I will calculate the above values at a 99% signficance level. Population variances are unknown but assumed to be equal to sample variances.

In [46]:
white_names = data[data.race == 'w'].call
black_names = data[data.race == 'b'].call
mu_white = np.mean(white_names)
mu_black = np.mean(black_names)
var_white = np.var(white_names)
var_black = np.var(black_names)

if len(white_names) == len(black_names):
    n = len(white_names)
    t = stats.t.ppf(q = .995, df = (2*n - 2))
    var_pooled = (var_black +var_white)/2
    standard_error = np.sqrt(2*var_pooled/n)
else:
    n_w = len(white_names)
    n_b = len(black_names)
    t = stats.t.ppf(q = .975, df = (n_w + n_b - 2))
    var_pooled = (((n_w - 1)*var_white + (n_b - 1)*var_black)/(n_w + n_b - 2))
    standard_error = np.sqrt(var_pooled/n_w + var_pooled/n_b)
    print('WARNING - Unequal samples sizes by', n_w - n_b, 'equal population variances may be unsafe to assume.\n')
    
margin_of_error = t*standard_error
ci = mu_white - mu_black + np.array([-1,1])*margin_of_error
p = stats.ttest_ind(white_names, black_names).pvalue

print('The margin of error is {}, producing a confidence interval of {}, with a p-value of {}'.format(margin_of_error, ci, p))

The margin of error is 0.020056337083217784, producing a confidence interval of [ 0.01197652  0.05208919], with a p-value of 3.940802103128886e-05


#### 4. Write a story describing the statistical significance in the context or the original problem.

After evaluating the number of callback requests received by resumes with black and white sounding names, all other qualifications being equal, it is clear at the 99% significance level that there is a difference in callback success between the two groups. This means that at least 99% of all samplings from the population would produce sample means that were statistically different. Because the confidence interval did not contain 0 (and was positive), this means that at least 99% of samples would result in a high rate of white-sounding names receiving callbacks than black-sounding.

#### 5. Does your analysis mean that race/name is the most important factor in callback success? Why or why not? If not, how would you amend your analysis?

This does not inherently means that race is the most important factor, only a statistically significant factor. I'll look at the correllation coefficients between other variables in the data and call, making sure to 'dummify' the categorical race variable first.

In [51]:
data_cat = pd.get_dummies(data, columns = ['race'])

call_corr = data_cat.corr().call.sort_values()

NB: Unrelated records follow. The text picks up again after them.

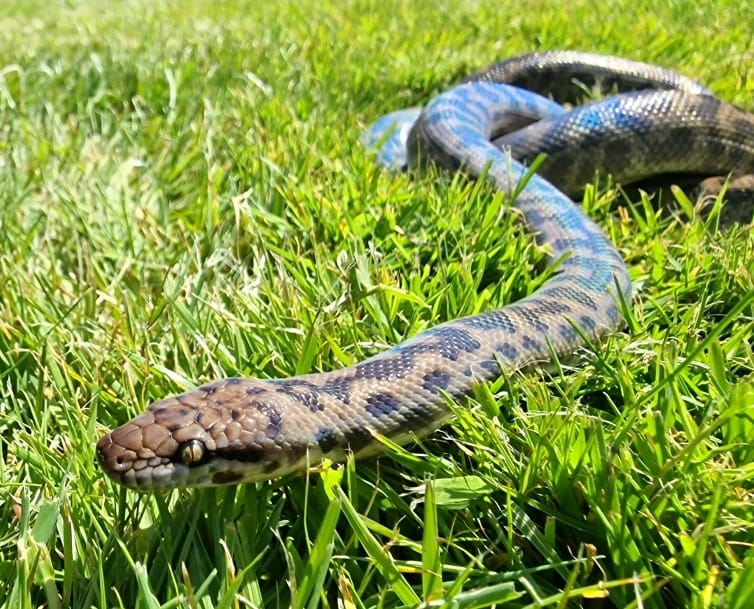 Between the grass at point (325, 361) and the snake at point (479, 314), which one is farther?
the snake at point (479, 314)

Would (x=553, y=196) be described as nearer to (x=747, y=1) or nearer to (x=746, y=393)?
(x=746, y=393)

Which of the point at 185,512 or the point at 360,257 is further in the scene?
the point at 360,257

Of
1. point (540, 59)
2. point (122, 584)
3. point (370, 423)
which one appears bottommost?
point (122, 584)

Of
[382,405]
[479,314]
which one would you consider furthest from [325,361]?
[479,314]

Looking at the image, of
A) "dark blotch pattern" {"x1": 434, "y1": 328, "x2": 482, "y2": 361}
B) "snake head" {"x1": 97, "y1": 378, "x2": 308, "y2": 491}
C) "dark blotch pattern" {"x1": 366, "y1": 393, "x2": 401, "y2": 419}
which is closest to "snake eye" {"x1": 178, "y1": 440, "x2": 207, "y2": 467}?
"snake head" {"x1": 97, "y1": 378, "x2": 308, "y2": 491}

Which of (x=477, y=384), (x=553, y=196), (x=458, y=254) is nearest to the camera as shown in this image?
(x=477, y=384)

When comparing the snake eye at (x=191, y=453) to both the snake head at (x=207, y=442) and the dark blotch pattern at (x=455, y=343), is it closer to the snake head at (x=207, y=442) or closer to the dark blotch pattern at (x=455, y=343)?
the snake head at (x=207, y=442)

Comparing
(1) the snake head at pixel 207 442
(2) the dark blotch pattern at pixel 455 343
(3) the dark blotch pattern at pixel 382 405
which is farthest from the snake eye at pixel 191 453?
(2) the dark blotch pattern at pixel 455 343

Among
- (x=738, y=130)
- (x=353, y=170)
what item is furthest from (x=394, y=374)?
(x=738, y=130) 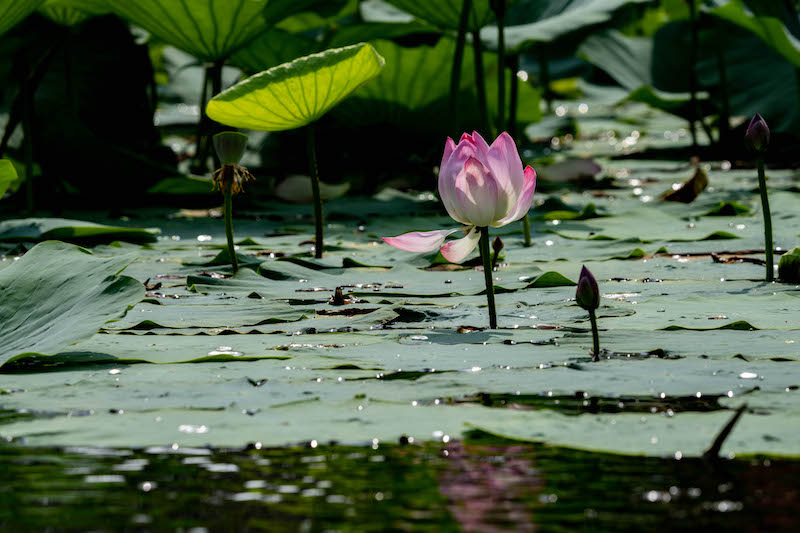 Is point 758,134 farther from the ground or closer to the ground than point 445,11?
closer to the ground

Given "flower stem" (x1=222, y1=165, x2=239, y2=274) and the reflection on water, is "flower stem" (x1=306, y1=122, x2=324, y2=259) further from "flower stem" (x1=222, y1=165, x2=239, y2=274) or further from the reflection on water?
the reflection on water

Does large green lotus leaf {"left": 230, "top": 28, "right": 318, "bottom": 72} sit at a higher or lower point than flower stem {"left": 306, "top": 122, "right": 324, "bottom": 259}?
higher

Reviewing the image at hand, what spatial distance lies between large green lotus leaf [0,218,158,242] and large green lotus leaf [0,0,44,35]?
1.76 ft

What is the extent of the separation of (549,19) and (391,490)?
3.23 m

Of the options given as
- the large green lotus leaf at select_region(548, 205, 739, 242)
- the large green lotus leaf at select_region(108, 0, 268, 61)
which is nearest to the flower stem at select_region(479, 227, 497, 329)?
the large green lotus leaf at select_region(548, 205, 739, 242)

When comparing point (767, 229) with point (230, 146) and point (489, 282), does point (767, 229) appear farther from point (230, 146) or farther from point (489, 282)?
point (230, 146)

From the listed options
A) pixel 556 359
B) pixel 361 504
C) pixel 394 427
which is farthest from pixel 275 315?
pixel 361 504

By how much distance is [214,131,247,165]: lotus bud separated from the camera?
220cm

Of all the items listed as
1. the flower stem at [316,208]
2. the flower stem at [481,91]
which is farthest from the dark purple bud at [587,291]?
the flower stem at [481,91]

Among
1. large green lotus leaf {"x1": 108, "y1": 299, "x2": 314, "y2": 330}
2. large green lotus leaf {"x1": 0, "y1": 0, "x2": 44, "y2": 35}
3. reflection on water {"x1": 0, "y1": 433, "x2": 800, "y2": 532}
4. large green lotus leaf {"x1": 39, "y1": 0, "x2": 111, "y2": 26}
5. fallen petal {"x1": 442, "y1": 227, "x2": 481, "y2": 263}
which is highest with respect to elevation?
large green lotus leaf {"x1": 39, "y1": 0, "x2": 111, "y2": 26}

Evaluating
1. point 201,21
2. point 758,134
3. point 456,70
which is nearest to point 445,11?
point 456,70

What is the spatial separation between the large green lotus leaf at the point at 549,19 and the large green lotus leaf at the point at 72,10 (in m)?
1.32

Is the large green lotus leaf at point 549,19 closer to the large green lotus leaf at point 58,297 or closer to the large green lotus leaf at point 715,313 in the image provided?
the large green lotus leaf at point 715,313

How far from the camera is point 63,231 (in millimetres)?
2639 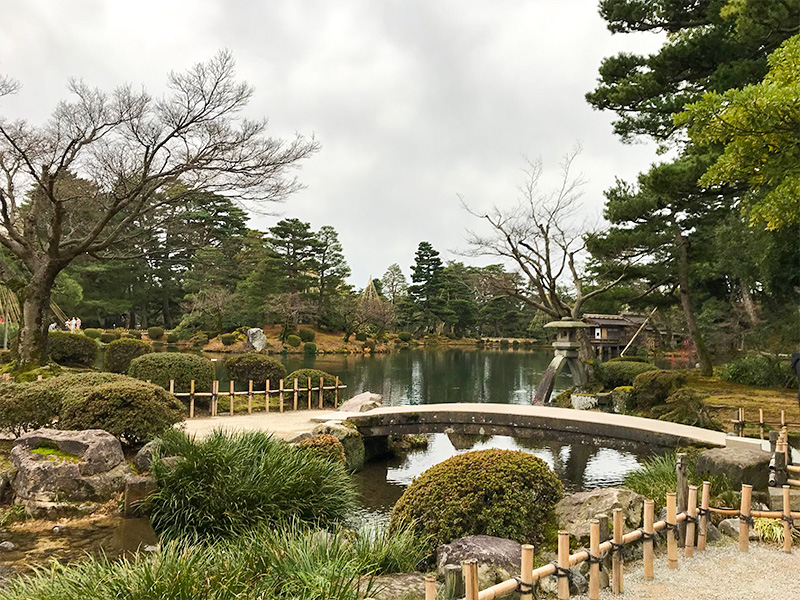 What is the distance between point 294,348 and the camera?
36.7 metres

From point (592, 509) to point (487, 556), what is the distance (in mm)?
1654

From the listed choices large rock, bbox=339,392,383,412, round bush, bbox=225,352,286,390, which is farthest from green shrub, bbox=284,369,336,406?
large rock, bbox=339,392,383,412

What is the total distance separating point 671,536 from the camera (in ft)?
15.0

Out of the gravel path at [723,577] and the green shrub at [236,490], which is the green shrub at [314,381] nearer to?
the green shrub at [236,490]

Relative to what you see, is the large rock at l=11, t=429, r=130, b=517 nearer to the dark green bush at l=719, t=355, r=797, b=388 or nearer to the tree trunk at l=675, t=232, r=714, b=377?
the dark green bush at l=719, t=355, r=797, b=388

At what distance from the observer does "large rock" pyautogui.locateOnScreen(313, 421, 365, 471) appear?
1013cm

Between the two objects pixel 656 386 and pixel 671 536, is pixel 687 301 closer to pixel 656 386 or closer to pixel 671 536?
pixel 656 386

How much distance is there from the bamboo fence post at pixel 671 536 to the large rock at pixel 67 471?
19.8 ft

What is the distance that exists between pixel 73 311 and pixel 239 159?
28.8m

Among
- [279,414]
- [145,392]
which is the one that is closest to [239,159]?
[279,414]

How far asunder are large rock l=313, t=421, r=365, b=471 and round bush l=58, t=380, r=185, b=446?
293 cm

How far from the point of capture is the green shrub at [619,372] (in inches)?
642

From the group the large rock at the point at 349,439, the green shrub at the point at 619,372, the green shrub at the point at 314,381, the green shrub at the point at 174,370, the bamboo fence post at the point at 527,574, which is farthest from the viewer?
the green shrub at the point at 619,372

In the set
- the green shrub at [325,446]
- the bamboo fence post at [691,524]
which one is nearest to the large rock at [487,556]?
the bamboo fence post at [691,524] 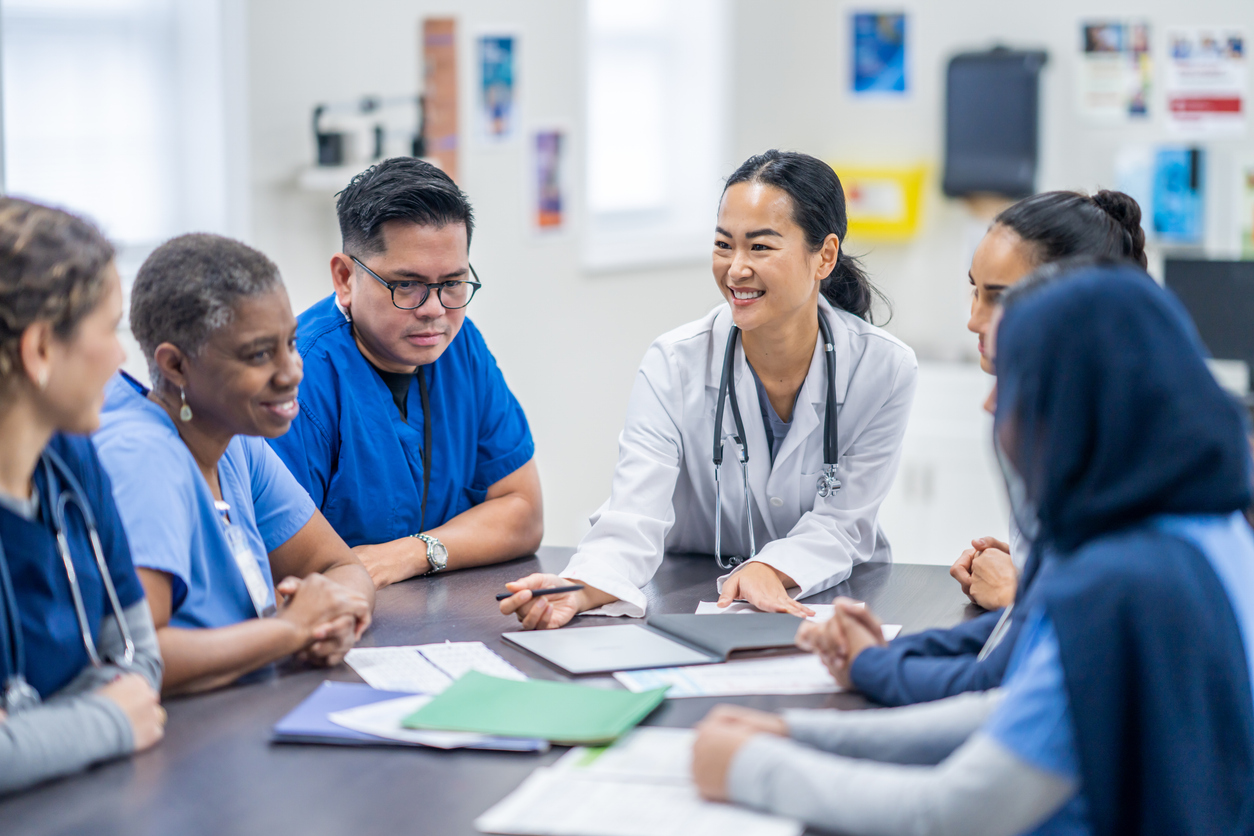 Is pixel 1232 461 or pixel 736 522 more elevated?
pixel 1232 461

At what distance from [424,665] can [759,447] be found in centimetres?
84

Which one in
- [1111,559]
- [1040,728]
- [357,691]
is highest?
[1111,559]

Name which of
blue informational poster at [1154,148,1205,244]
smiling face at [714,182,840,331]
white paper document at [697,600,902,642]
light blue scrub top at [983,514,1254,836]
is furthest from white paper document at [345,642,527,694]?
blue informational poster at [1154,148,1205,244]

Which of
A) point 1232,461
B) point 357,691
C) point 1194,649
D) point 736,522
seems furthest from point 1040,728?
point 736,522

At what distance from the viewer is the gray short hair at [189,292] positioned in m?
1.56

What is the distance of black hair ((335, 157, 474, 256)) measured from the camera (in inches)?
84.2

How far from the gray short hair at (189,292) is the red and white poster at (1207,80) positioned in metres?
3.74

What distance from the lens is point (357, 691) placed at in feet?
5.03

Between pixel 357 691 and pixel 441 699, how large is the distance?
12 cm

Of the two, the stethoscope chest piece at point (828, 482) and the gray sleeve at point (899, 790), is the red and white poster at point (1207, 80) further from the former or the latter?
the gray sleeve at point (899, 790)

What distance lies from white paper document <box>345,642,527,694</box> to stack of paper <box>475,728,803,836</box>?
0.92 ft

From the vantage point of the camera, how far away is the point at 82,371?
132cm

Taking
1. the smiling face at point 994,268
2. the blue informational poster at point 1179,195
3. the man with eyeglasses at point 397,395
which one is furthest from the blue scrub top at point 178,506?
the blue informational poster at point 1179,195

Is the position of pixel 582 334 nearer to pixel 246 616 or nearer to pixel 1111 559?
pixel 246 616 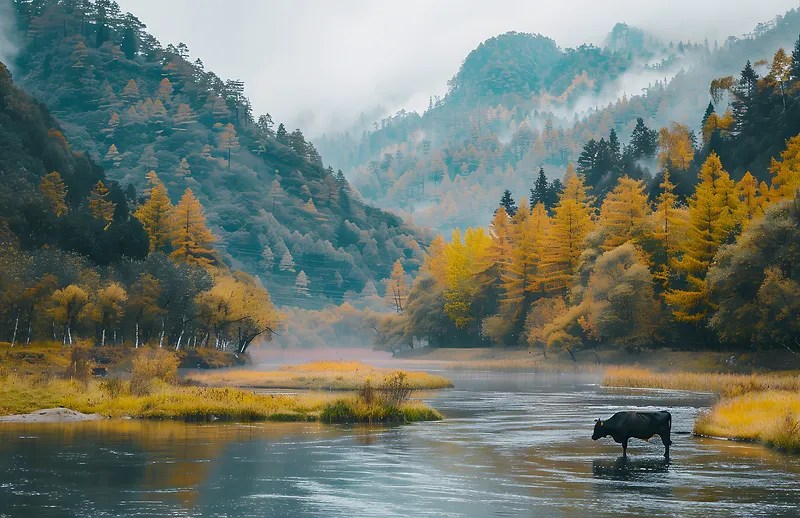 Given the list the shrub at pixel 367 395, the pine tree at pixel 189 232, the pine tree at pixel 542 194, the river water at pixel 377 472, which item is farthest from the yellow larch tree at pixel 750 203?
the pine tree at pixel 189 232

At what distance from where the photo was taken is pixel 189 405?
51.8 meters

print('The most detrimental factors towards getting a callback are: \n', call_corr.head(5))
print('\n The most helpful factors in getting a callback are: \n', call_corr.tail(10)[::-1])

The most detrimental factors towards getting a callback are: 
 race_b             -0.058872
fracdropout        -0.056671
lmedhhinc_empzip   -0.049879
req                -0.041699
educreq            -0.033864
Name: call, dtype: float64

 The most helpful factors in getting a callback are: 
 call             1.000000
specialskills    0.111074
honors           0.071951
empholes         0.071888
adid             0.063178
yearsexp         0.061436
race_w           0.058872
linc             0.049649
offsupport       0.047783
lmedhhinc        0.047699
Name: call, dtype: float64


It appears that though having a black sounding name is the most detrimental factor towards a callback. A white-sounding name, while beneficial, is not as important as having special skills, honors, or experience.

Knowing this information, I would amend the analysis to also see different quantiles of those most correllated variables compare to one another. For example, how likely are black-sounding names with special skills to get a callback compared to white-sounding names without special skills.